What is the Probability That the Null Hypothesis Is Correct?

Some people interpret a *P* value as a probability statement about the correctness of the null hypothesis, but that interpretation cannot be defended. First, the null hypothesis, like any hypothesis, should be regarded as true or false but not as having a probability of being true. A probability would not be assigned to the truth of any hypothesis except in a subjective sense, as in describing betting odds. Even in framing a subjective interpretation or in assigning betting odds, the *P* value should not be considered to be equivalent to the probability that the null hypothesis is correct.
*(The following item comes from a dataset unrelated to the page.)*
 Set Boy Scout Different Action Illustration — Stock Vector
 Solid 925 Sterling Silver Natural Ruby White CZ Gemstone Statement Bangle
It is true that the *P* value is a probability measure. When the data are very discrepant with the null hypothesis, the *P* value is small, and when the data are concordant with the null hypothesis, the *P* value is large. Nonetheless, the *P* value is not the probability that the null hypothesis is correct. It is calculated only after assuming that the null hypothesis is correct, and it refers to the probability that the association observed in the data, divided by its standard error, would deviate from the null value as much as it did or more. It can thus be viewed as a measure of consistency between the data and the null hypothesis, but it does not address whether the null hypothesis is correct. Suppose you buy a ticket for a lottery. Under the null hypothesis that the drawing is random, your chance of winning is slim. If you win, the *P* value evaluating the null hypothesis (that you won by chance) is tiny, because your winning is not a likely outcome in a random lottery with many tickets sold. Nevertheless, someone must win. If you did win, does that constitute evidence that the lottery was not random? Should you reject the null hypothesis because you calculated a very low *P* value? The answer is that even with a very low *P* value, the tenability of the null hypothesis depends on what alternative theories you have. One woman who twice won the New Jersey state lottery said she would stop buying lottery tickets to be fair to others. The more reasonable interpretation is that her two wins were chance events. The point is that the null hypothesis may be the most reasonable hypothesis for the data even if the *P* value is low. Similarly, the null hypothesis may be implausible or just incorrect even if the *P* value is high.